Gli europarlamentari siedono in 20 commissioni, 3 sottocommissioni e 39 delegazioni.

Queste commissioni – a differenza di quelle di inchiesta – sono permanenti, si occupano di temi di carattere generale e sostanziale specifici (secondo le attribuzioni sancite dalla normativa europea)[4] e sono fondamentali, poiché la maggior parte della funzione legislativa del Parlamento viene qui esplitata.

La seduta plenaria – infatti – si tiene solamente una volta al mese (escluso agosto) per 4 gioni a Strasburgo ed è il c.d. punto di arrivo dell’attività legislativa svolta nelle commissioni e in altre sedi, discutendo e votando i testi portati.[5]

Menzione a parte merita la figura del Trilogo.

L’Unione Europea – a differenza nostra – esula da quella che è la c.d. grammatica istituzionale: non è inusuale che in caso di divergenze si svolgano incontri informali tra le parti coinvolte per cercare di eliminare/accorciare le distanze.

Il Trilogo è esattamente ciò: nella procedura legislativa ordinaria, è un negoziato interistuzionale informale – da non confersi con il sopracitato comitato di conciliazione – che riunisce rappresentanti del Parlamento, del Consiglio dell’UE e della Commissione, volto a raggiungere un accordo provvisori su una proposta legislativa accettabile sia per il Parlamento che per il Consiglio.

Non a caso quest’ultime due Istituzioni hanno riconosciuto (2007) il ruolo fondamentale di tale contesto come agevolatore del processo legislativo.[6]

Rapporti con i parlamenti nazionali

In conclusione è doveroso un cenno al rapporto tra UE e Parlamenti nazionali.
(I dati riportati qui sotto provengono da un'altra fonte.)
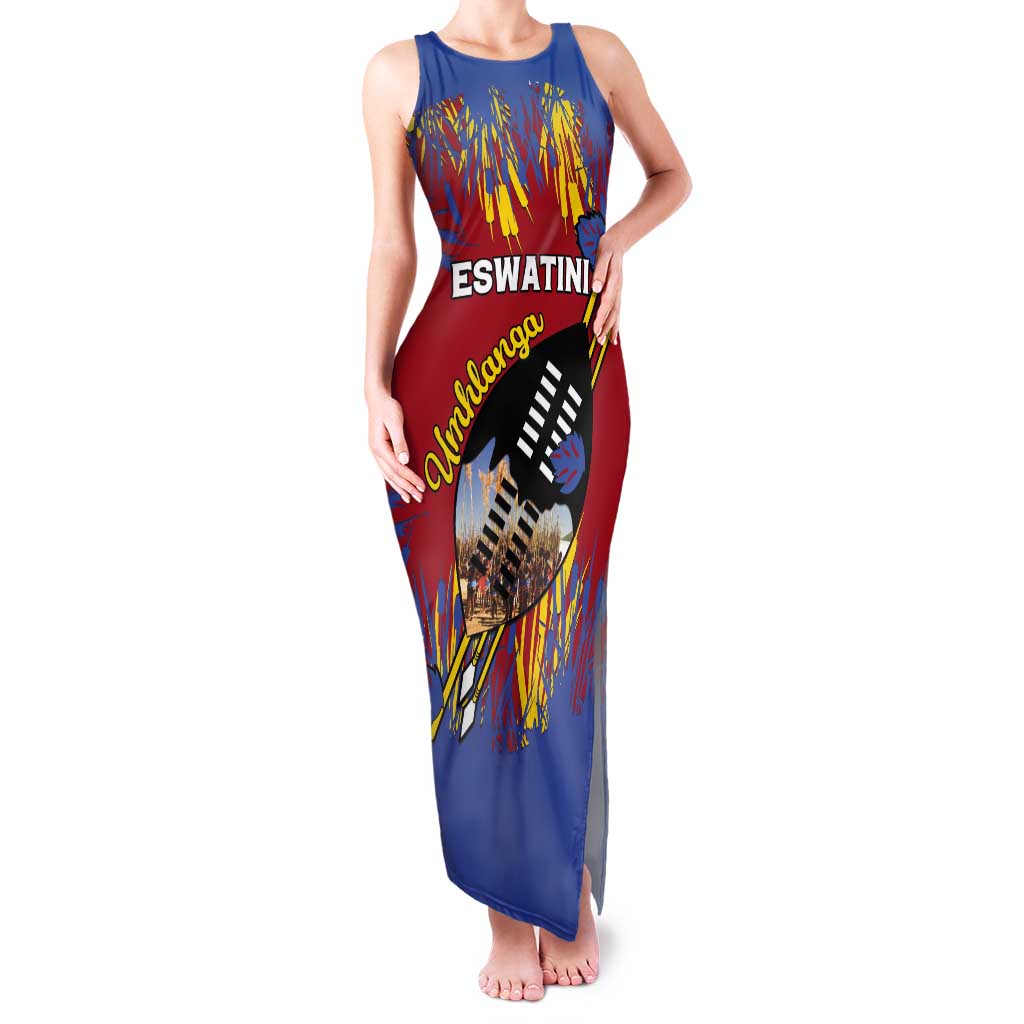 Personalized Eswatini Umhlanga Tank Maxi Dress Nguni Shield With Reed - Wonder Print Shop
In particolar modo, questi non hanno infatti una funzione prettamente passiva, di mero recepimento degli atti votati in sede europea: essi contribuicono al buon funzionamento dell’Unione (art. 12 TUE) e possono sollevare un’obiezione – sotto forma di parere motivato – qualora ritengono che un determinato atto in approvazione violi il principio di sussidiarietà.

Ogni Parlamento nazionale ha due voti per cui se i voti raggiungono:

  • 1/3 dei voti (cartellino giallo), il progetto legislativo va riesaminato dalla Commissione, decidendo se mantenere, modificare o ritirarla; il quorum scende al quarto se la proposta riguarda libertà, sicurezza o giustizia;
  • la maggioranza (cartellino arancione), la Commissione dovrà fare lo stesso, motivandola però di fronte al Parlamento UE e al Consiglio qualora essa venga mantenuta.